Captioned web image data
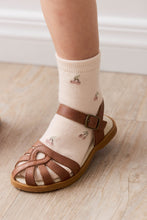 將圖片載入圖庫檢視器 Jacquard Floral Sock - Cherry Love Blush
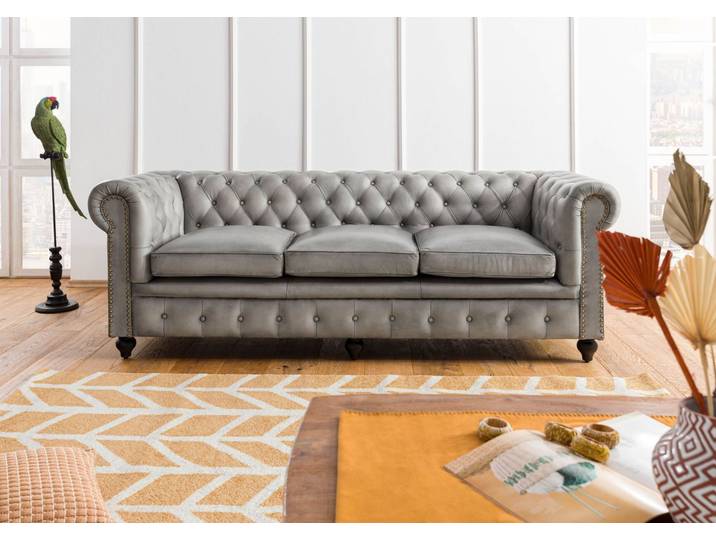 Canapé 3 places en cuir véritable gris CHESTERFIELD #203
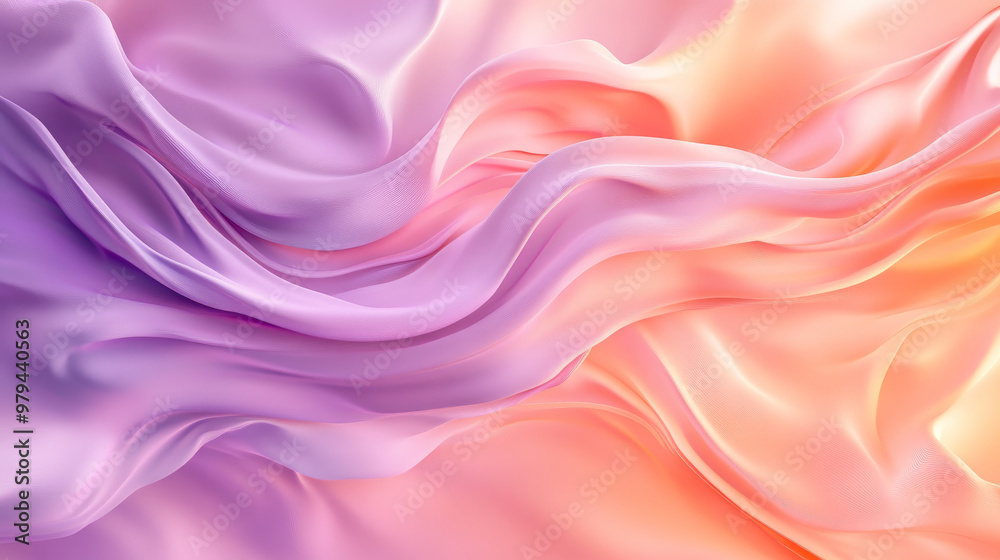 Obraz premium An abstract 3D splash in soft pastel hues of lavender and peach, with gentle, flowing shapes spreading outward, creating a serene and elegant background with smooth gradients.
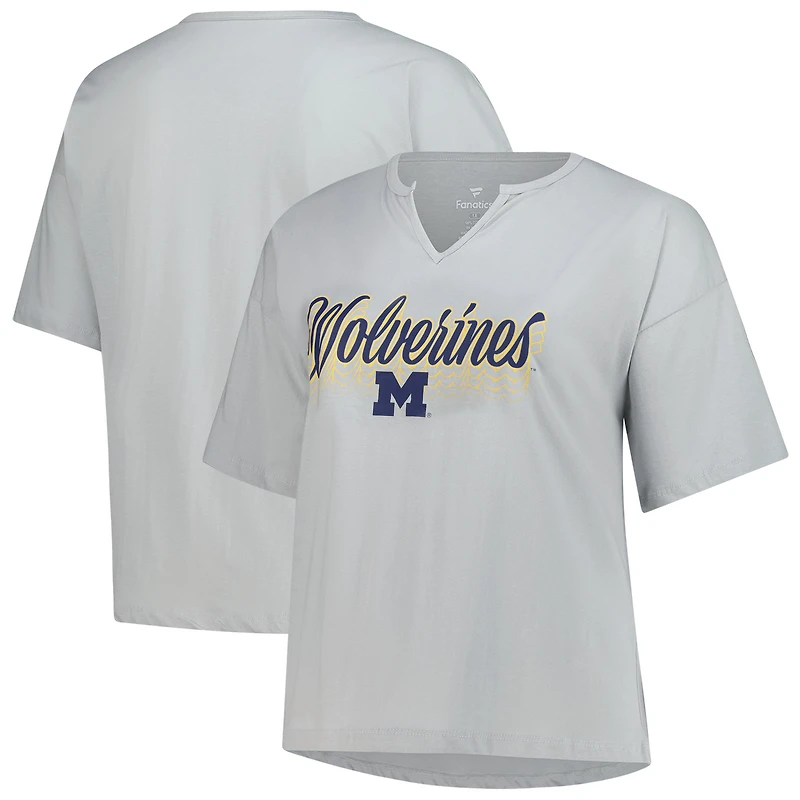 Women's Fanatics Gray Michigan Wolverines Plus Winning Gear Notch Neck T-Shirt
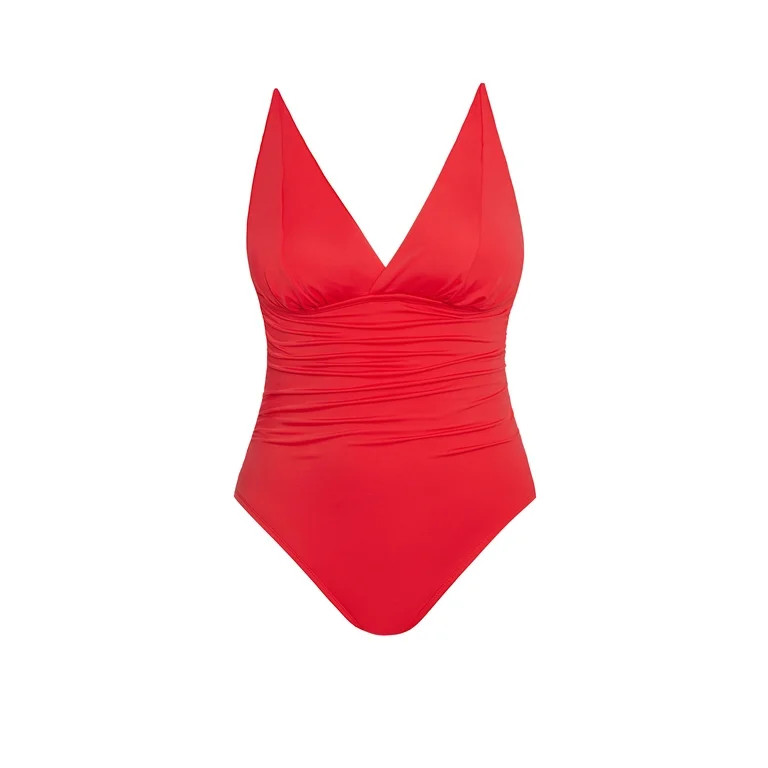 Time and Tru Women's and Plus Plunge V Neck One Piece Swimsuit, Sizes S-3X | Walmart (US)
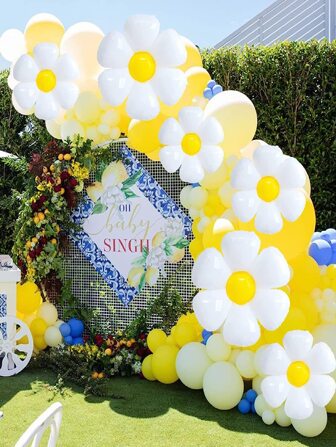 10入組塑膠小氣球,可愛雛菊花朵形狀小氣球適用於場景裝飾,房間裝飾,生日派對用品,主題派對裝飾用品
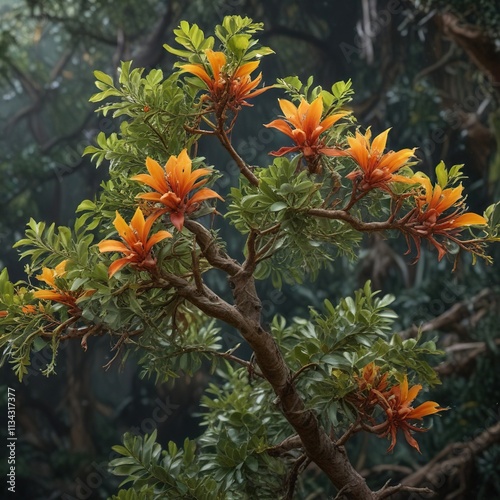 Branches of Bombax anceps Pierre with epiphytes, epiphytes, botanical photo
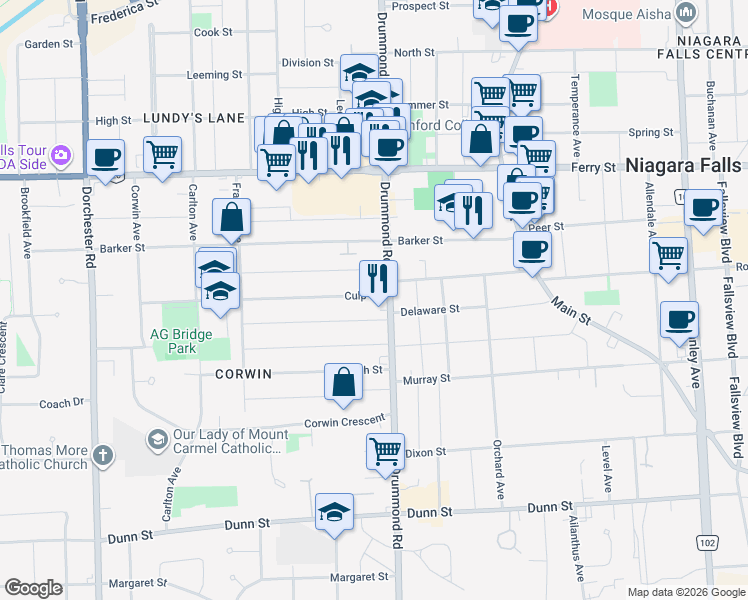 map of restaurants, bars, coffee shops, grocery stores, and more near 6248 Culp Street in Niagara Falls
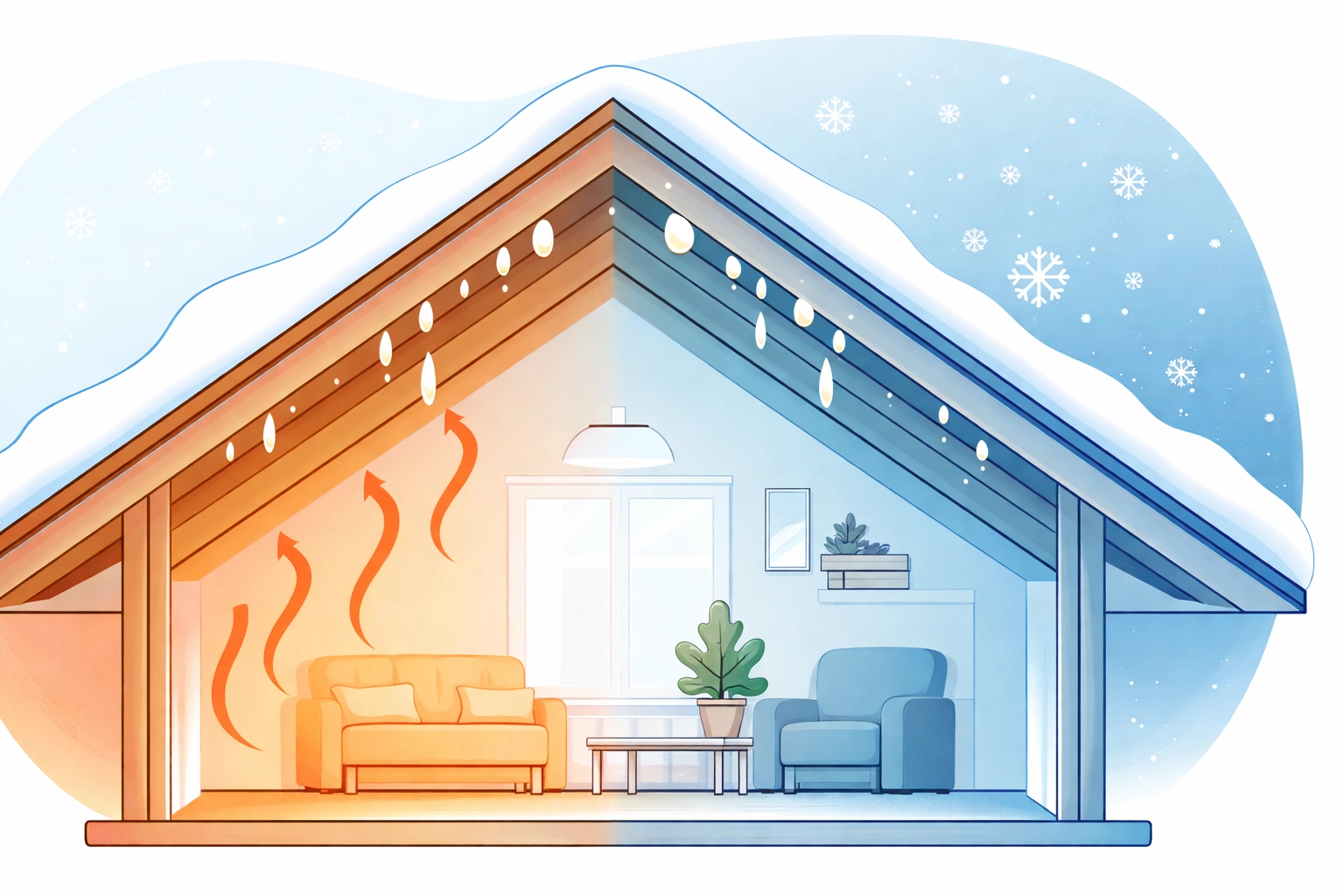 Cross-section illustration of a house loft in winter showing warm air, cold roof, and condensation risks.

=== PROBLEM DETAILS ===
Please write out the lines above exactly, from the one that contains "Time and Tru" through the final line, and include none of the pictures.

=== SOLUTION FOR THIS PROBLEM ===
 Time and Tru Women's and Plus Plunge V Neck One Piece Swimsuit, Sizes S-3X | Walmart (US)
 10入組塑膠小氣球,可愛雛菊花朵形狀小氣球適用於場景裝飾,房間裝飾,生日派對用品,主題派對裝飾用品
 Branches of Bombax anceps Pierre with epiphytes, epiphytes, botanical photo
 map of restaurants, bars, coffee shops, grocery stores, and more near 6248 Culp Street in Niagara Falls
 Cross-section illustration of a house loft in winter showing warm air, cold roof, and condensation risks.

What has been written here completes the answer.